One month ago, people living in the mountains above Malibu woke up to evacuation orders. The Woolsey Fire was devouring miles of forest and homes, including the hills around The Rock Store, a famous biker hangout that's been owned by Rich Savko's family since 1962. I spoke to him just after the fire swept through the area.

(SOUNDBITE OF ARCHIVED BROADCAST)

RICH SAVKO: It was just devastating - just devastating throughout this whole area. And we didn't have any time to respond, you know? I mean, it just came through so fast, and, you know, there's large ranches around here. They just had to turn the animals free, and some plots were saved. And just by the grace of God, The Rock Store is still standing.

SHAPIRO: Last Friday, I drove up into those blackened hills, a moonscape stretching ridge after ridge. Back before the fire, hundreds of bikers would gather at The Rock Store each weekend for a bite or a coffee before riding the twisty road called The Snake through the Santa Monica Mountains. On Friday, the restaurant had just gotten power back and was preparing to reopen.
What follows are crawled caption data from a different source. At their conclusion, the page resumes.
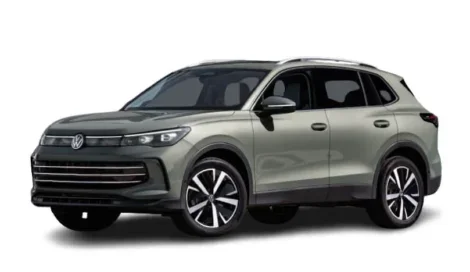 Volkswagen Tiguan (Mechaninė, 1.5 L Benzinas) nuoma Tenerifėje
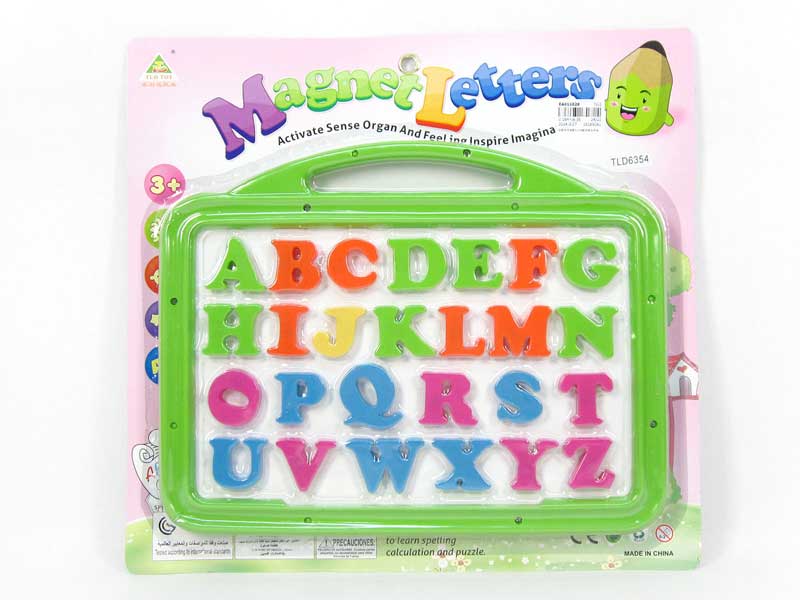 Drawing Board & 3CM Magnetic Latter toys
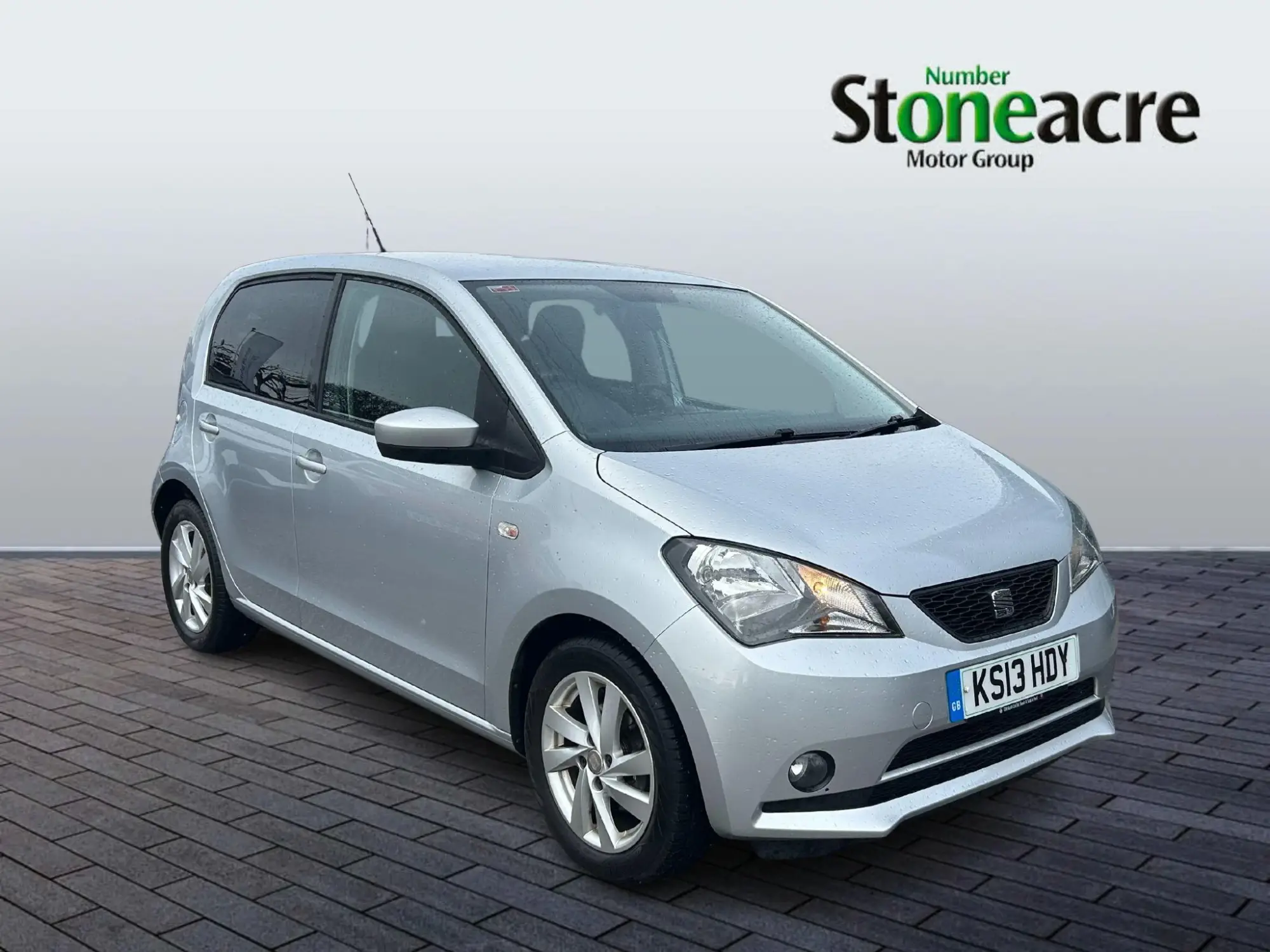 SEAT Mii 1.0 12v Sport Euro 5 5dr KS13HDY Image 1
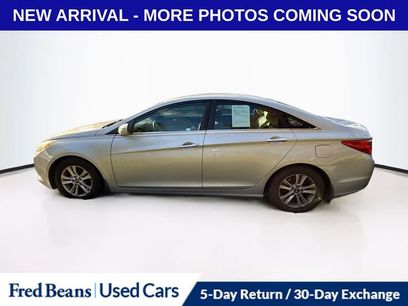 Used 2011 Hyundai Sonata GLS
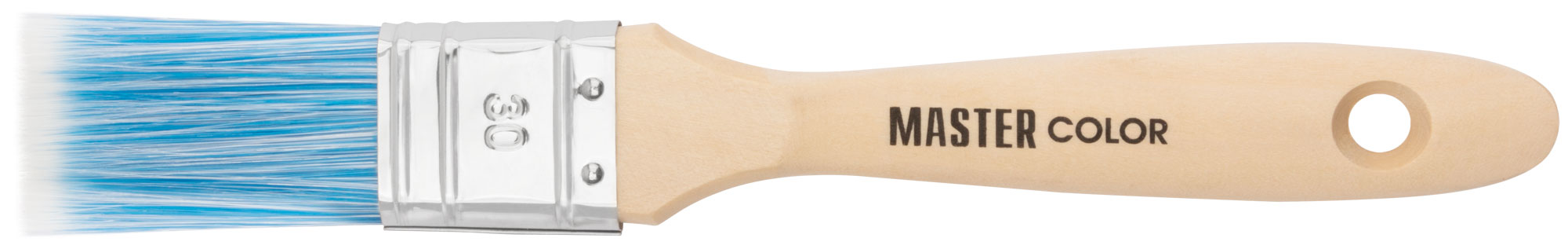 Кисть флейцевая 30 мм с ПБТ-щетиной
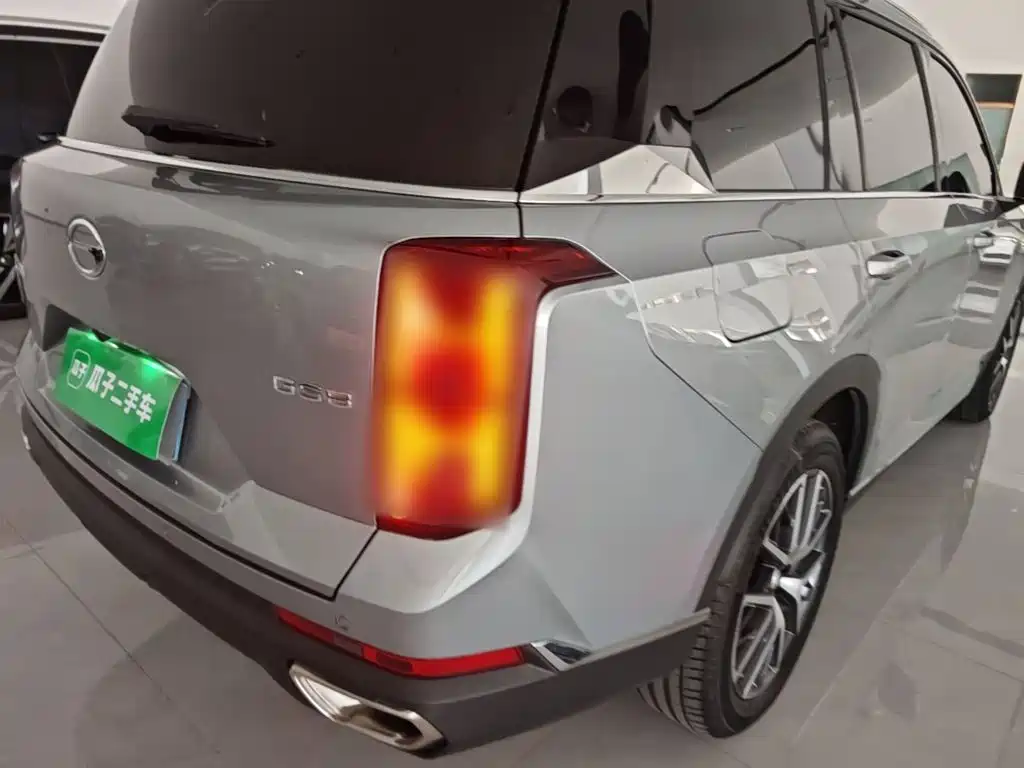 GAC Motor Trumpchi GS8 — миниатюра 8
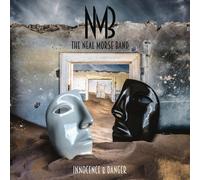 THE NEAL MORSE BAND - INNOCENCE & DANGER 4 VINYL LP+CD NEW
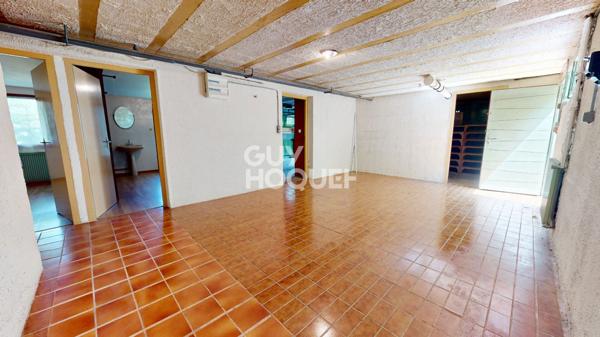 Maison St Jorioz - 200 m² - Secteur calme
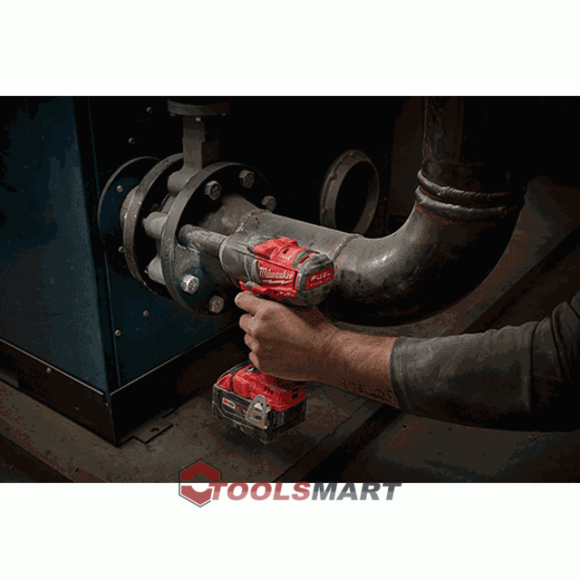 Акумуляторний ударний гайковерт 1/2 Milwaukee 2861-20 (FMTIWF12-0) М18 FUEL™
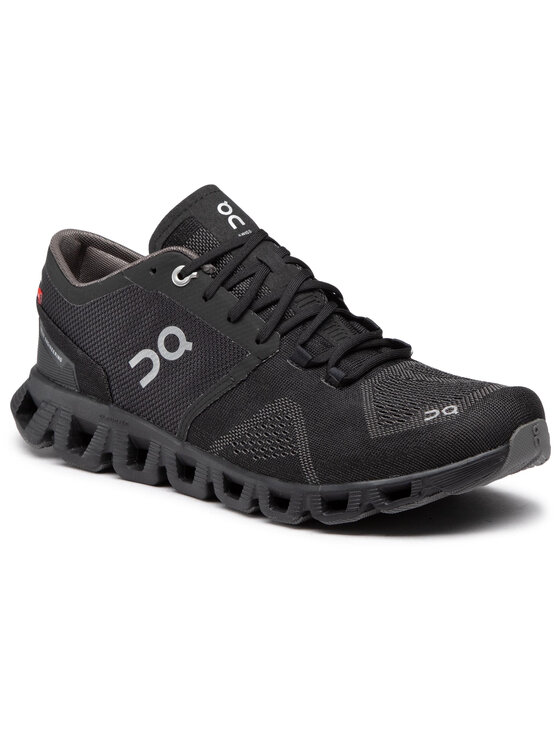 Pantofi pentru alergare On Cloud X 4099706 Negru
Hey, are you Rich? Hey, I'm Ari.

UNIDENTIFIED PERSON: Ari, Rich.

SHAPIRO: So nice to meet you.

R SAVKO: My pleasure. Thanks so much.

SHAPIRO: Rich Savko's 90-year-old mother, Vern, was inside, sitting in a booth, drinking a cup of tea and looking at the workers buzzing around her.

VERN SAVKO: We'll build this better. Like we are now, see?

SHAPIRO: Yeah.

V SAVKO: (Laughter) The carpet's first.

SHAPIRO: There's a lot going on here. What's happening right now?

V SAVKO: They're putting new carpet in from the smoke and, you know, the ashes and that.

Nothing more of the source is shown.